Some patients with kidney tumors can forego the potential risks of treatment and opt for a wait-and-watch approach known as active surveillance. It is important for patients to discuss this option – as well as the potential pros and cons of treatments – with their health care providers, explained Dr. Alexander Kutikov.

Kutikov, chief of Urologic Oncology at the Fox Chase Cancer Center in Philadelphia, recently discussed active surveillance at CURE®’s Educated Patient® Kidney Cancer Summit.

Who Is a Candidate for Active Surveillance?

“Especially with these low-risk, small masses that are less than three centimeters and are not growing while they’re being watched, they’re incredibly safe to monitor and allow patients to really live their life without undergoing the significant risk of treatment,” Kutikov said in an interview with CURE®.

A biopsy should be able to tell a patient if their tumor is malignant or benign, and Kutikov said that about 20-30% of small renal masses are benign. Kutikov said that there are three criteria that clinicians look at to determine if a patient is a good candidate for active surveillance:

  • The pathology or type of cells that are present
  • How quickly the mass is growing. A mass growing more than five millimeters a year indicates that it might be time to consider treatment.
  • How fast the mass is changing

Avoid the Risks of Overtreatment

However, individual patient characteristics come into play in decision making, too.

“Obviously all these things are taken in the context of each patient’s particular situation, their age, their comorbidities – which are basically other medical problems they have – and their personal preferences. It’s a bit of a nuanced conversation with each patient,” Kutikov said.

Patients who are older and frail with multiple other comorbidities may not benefit from treatment, and the potential side effects of cancer-fighting drugs or surgery (usually partial nephrectomy).

Regardless of a patient’s other health situations, treatment can also come with psychosocial consequences, financial toxicity and overall disruption of life, be it taking time off of work or away from family.

What Active Surveillance Entails

Kutikov said that each doctor has a different style and every patient is different, but in general, patients undergoing active surveillance can expect to see their care team about once every six months.

At these visits, the mass will be observed via ultrasound or cross-sectional imaging (CT scan or MRI).

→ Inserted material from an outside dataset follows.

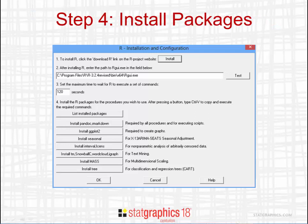The last thing you need to do is install packages. Depending upon what procedures you want to use in StatGraphics, you'll need to select different packages. Everyone needs to install Pandoc and R Markdown. Everyone also needs to install ggplot2. The other packages — Seasonal, Interval, Snowball, Mass, Tree, and so forth — are only required to perform the indicated analyses.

If the mass is stable and does not grow in the first five years of surveillance – and about 30% of kidney masses do not, according to Kutikov – the patient may be able to decrease their visits and come, instead once a year.

Neither active surveillance nor aggressive treatment is right for everyone. Kutikov emphasizes that patients need to have thorough conversations with their providers to find the plan that is right for their particular situation.

“I’d encourage patients to make sure that active surveillance is discussed with them, because it’s really an important option and one they should consider,” Kutikov said. “Just like everything in life, this decision is a balance of risk, and everybody manages risks a little bit differently in their life, and that’s understandable, but this is something that they should give some thought to.”